Necklace with Amulets of Deities

Necklace with Amulets of Deities

Artist unknown (Egypt), Necklace with Amulets of Deities, n.d. Egyptian faience. Stanford Family Collections, JLS.21630 (strung together with JLS.21715, JLS.21739.2, and JLS.21295)

In 1901 the Egyptologist Émile Brugsch sold Jane Stanford 273 objects from his wife’s Egyptian collection. Brugsch wrote to Jane that his wife “does not want to keep on buying, prices have gone up so high, and herself therefore having lost all pleasure,” but assured Jane that she would “be greatly contented with the collection, there being only choice objects.” However, this did not necessarily guarantee that the whole collection was entirely ancient.

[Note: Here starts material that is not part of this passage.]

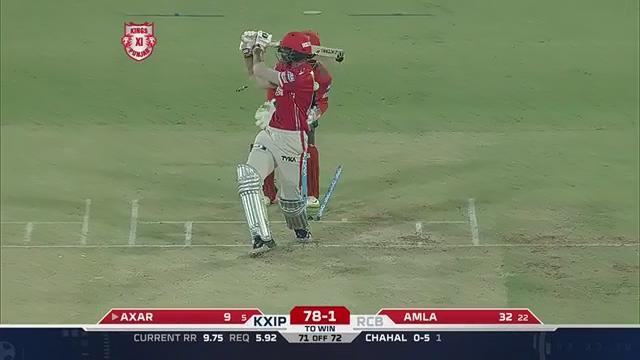 M8: KXIP vs RCB – Fall Of Wickets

For instance, this necklace, which Jane purchased from Brugsch, strings together multiple ancient Egyptian figurines into a single nineteenth-century vision of antique beauty. Divinities are identified with their characteristic symbols and bodily appearance: the goddess Isis with a throne on her head, the god Nefertem with a lotus flower on his head, and the goddess Taweret (or Thoueris), who is part human, part hippopotamus, and part lion. According to the archaeologist Alexander Henry Rhind (1833–1863) such necklaces are “genuine in their details, [but] are equally false in their totality. Such an one is the necklace I also exhibit; it is ingeniously made up of beads from the breast-covering of a mummy, and strung upon threads made by unraveling mummy cloth. . . . Nothing like this was ever worn by an ancient Egyptian, yet every part of it is made of antique material.”